# I am so tired of being blindsided!



## gossamer (Feb 28, 2002)

On friday I just had a horrible experience. It has taken me this long to even be able to write about it. My husband had called me and asked if after work I could meet him at his mother's house because the whole family was there, all six kids, their spouses and kids, and they wanted to do a family portrait. I was cool with it, didn't even think about it. My one sad thougth was that our little bird would not be able to be in the picture. Then when I was about 5 minutes from home IT HIT ME!!!!!!!! I didn't have a baby for the family portrait. I would never have a family portrait taken with Mary Rose.
I called my husband sobbing hysterically that I could not get my picture taken without Mary Rose.

My husband met me at the house and I had a good cry. We then went and met the family for dinner at our favorite restaurant and his mother came up and hugged me and whispered in my ear "You are loved."

It was just the sweetest thing and almost made me cry again.

Gossamer


----------



## lilgsmommy (Jun 21, 2004)

Quote:


Originally Posted by *gossamer*
My husband met me at the house and I had a good cry. We then went and met the family for dinner at our favorite restaurant and his mother came up and hugged me and whispered in my ear "You are loved."

It was just the sweetest thing and almost made me cry again.

Gossamer


Oh mama! Not only are you loved, but Mary Rose is loved to! And whether or not she can be seen in family pics is nothing to worry about, cause she will always be seen in your heart!


----------



## mom2lyndsey (Jun 10, 2004)

Your post caught me off guard. Sooo, thru my tears I sending hugs.
mom 2 Lyndsey


----------



## painted horse (Jul 18, 2003)

Oh, Gossamer, if you were here I'd give you a TREMENDOUS hug........so I'm sending one to you via the airwaves, and my thoughts. Those pictures of Mary Rose that you have posted are just precious!!!!! I am so sorry for your loss, sweetie. Hang in there, lovely mama. Know that yes indeed, you are loved....and so is your precious babe!

Brightest and Warmest of Blessings to you and yours,

Jen


----------



## gossamer (Feb 28, 2002)

Thank you so much for your kind and compassionate words. It is days like that that make me feel like I just lost her.
Gossamer


----------



## 1ColoradoMomma (Jun 1, 2004)

Gossamer, I'm sending you a HUGE hug. Mary Rose was perhaps too perfect for us to keep here on earth. She is so very beautiful, and I'm thinking hard about her tonight before I go to sleep.


----------



## HaveWool~Will Felt (Apr 26, 2004)

Gossamer,
I just want to say that it takes so much courage to say out loud how we feel. Thank you for coming here and sharing with us...I am so happy that you have such an incredible dh. One whom can hold you and love you *NO MATTER WHAT*!!!


----------



## shannon0218 (Oct 10, 2003)

I'm so sorry. I can often clearly see a picture of Mary Rose in my mind.


----------



## SweetTeach (Oct 5, 2003)

just offering a hug for the day


----------



## Kerrie (Jul 23, 2003)

I'm not sure what to say except that you are often in my thoughts.

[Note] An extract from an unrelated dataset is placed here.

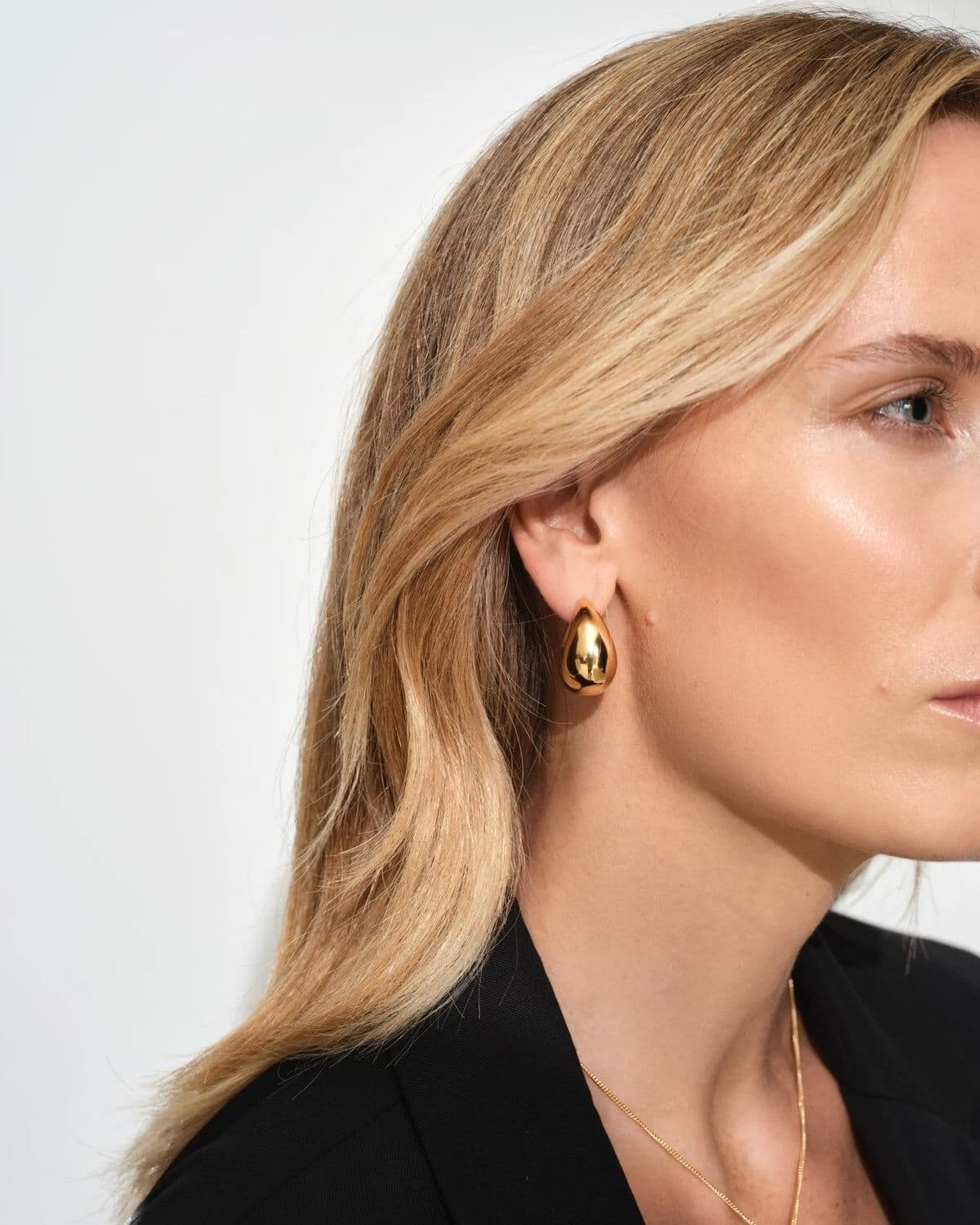 Tom Wood Bao Hoops Large Gold Øredobber Gull Gull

s Also, what a wonderful thing for your MIL to say.


----------



## Ms. Mom (Nov 18, 2001)

That's amazing that your MIL was so understanding.

It's funny how those raw emotions can still hit so hard like that. Knocks you completely off balance







You are loved!


----------



## pamamidwife (May 7, 2003)

I am so glad that you are loved and supported by family. It makes such a great difference.

{{{hugs}}} Mama.


----------



## Raven (Dec 15, 2001)

Gossamer ~~ Sending you another









I cant imagine your pain but I can imagine and believe that this must be very hard for you. You ARE loved and so is your Mary Rose! Im glad that you talk about times like this and dont bottle up your feelings!









I will keep you in my thoughts.


----------



## srain (Nov 26, 2001)

It's amazing the stuff that can surprise us- I flipped out filling out taxes last year because I didn't have another dependent-

Some people carry or wear a special piece of jewelry in family pictures in memory of someone they have lost.


----------



## fourgrtkidos (Jan 6, 2004)

OH, MOMMA!!! I love you. You don't know me but I am crying for you! You are grieving so deeply.

It would help you to take the homeopathic remedy Ignatia Amara.... in a potent dose like 200c.

I was wondering...... do you have a pic of Mary Rose that would fit in a large locket? A close up, maybe of her precious face? That might be nice for you to have close to you on a long chain that hung down between your breasts, close to your heart.

{{{{hugs}}}} love, michelle


----------